▸ What you need to do
Report all lines of the records that contain "Natural".

▸ Recorded information
- Opening Delimiter -
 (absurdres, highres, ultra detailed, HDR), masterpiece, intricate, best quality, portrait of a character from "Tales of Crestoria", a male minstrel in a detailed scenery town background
- Closing Delimiter -
- Opening Delimiter -
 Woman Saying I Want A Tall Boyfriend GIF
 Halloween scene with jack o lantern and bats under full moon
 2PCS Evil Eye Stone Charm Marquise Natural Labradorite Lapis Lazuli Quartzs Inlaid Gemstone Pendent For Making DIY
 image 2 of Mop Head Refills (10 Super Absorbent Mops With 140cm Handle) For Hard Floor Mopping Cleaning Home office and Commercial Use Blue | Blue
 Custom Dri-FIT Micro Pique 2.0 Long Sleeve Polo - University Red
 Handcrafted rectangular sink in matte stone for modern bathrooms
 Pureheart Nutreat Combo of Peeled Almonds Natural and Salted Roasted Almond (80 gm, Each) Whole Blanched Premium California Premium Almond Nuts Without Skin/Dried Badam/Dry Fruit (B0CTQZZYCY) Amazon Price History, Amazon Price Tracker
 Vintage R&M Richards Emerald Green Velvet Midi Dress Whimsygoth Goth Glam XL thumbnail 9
- Closing Delimiter -
▸ Exercise solution
 2PCS Evil Eye Stone Charm Marquise Natural Labradorite Lapis Lazuli Quartzs Inlaid Gemstone Pendent For Making DIY
 Pureheart Nutreat Combo of Peeled Almonds Natural and Salted Roasted Almond (80 gm, Each) Whole Blanched Premium California Premium Almond Nuts Without Skin/Dried Badam/Dry Fruit (B0CTQZZYCY) Amazon Price History, Amazon Price Tracker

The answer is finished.